Este año, después de diez años de prohibiciones con la veda forestal, en el área núcleo de la Cordillera Dipilto-Jalapa, los dueños de bosques empezaron a manejar sus pinares y es un factor que podría reducir significativamente la incidencia de incendios en Nueva Segovia.
Decenas de campesinos conocidos como “los héroes anónimos” que no poseen ni un solo árbol de pino, son los únicos que se quedan exponiendo sus vidas armados solo con botas, palas, piochas y pequeñas bombas de agua para combatir las inmensas llamas que abrazan sin piedad y por parejo desde el árbol más pequeño hasta el que ha logrado hasta ocho, diez o 12 metros de altura
EQUIPAN BRIGADAS
Ipade con fondos del organismo Trocaire y en coordinación con el pueblo indígena de Mozonte y la Alcaldía de Ciudad Antigua, ejecutan el proyecto Resiliencia Comunitaria y Fortalecimiento de Capacidades en Reducción de Riesgos de Desastres, con el cual entregaron en Ocotal equipos y materiales básicos para el control de incendios forestales a seis brigadas de prevención, control y mitigación de incendios forestales (cinco de Mozonte y una de Ciudad Antigua).

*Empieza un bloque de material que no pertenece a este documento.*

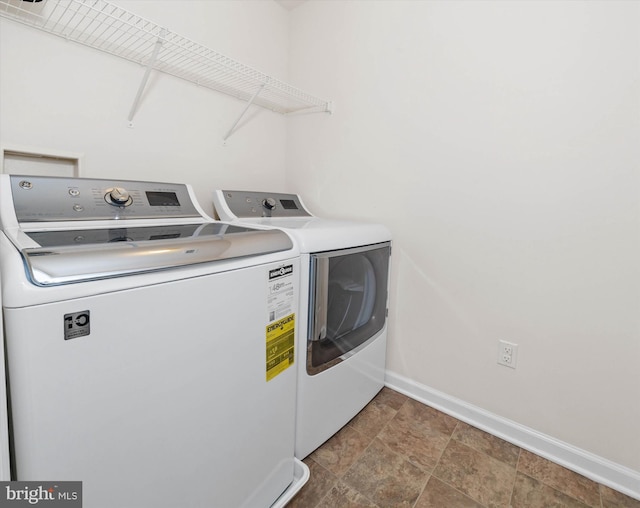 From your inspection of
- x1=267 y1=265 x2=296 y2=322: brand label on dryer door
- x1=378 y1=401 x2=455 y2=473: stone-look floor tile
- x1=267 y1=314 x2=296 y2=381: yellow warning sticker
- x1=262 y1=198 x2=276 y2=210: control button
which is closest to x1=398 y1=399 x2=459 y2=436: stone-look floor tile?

A cada una de las brigadas de La Ceiba, Las Cruces, Quisulí, La Tablazón, El Quebracho y San Antonio les entregaron tres bombas mochila especiales para incendios forestales, machetes, rastrillos, focos, cantimploras, botiquines valorados en tres mil córdobas y uniformes, entre otras cosas.
7,300 hectáreas de bosques se quemaron durante el 2014 en Las Segovias: Estelí, Madriz y Nueva Segovia. Uno de los más afectados en el último departamento fue San Fernando.
“El bosque hay que cuidarlo, con la veda forestal dejamos de invertir por lo costoso de las actividades, pero hoy que fue suspendida estamos obligados a protegerlo”. Rodolfo Quezada, dueño de bosque e industria en El Corozo, en el municipio de Jalapa.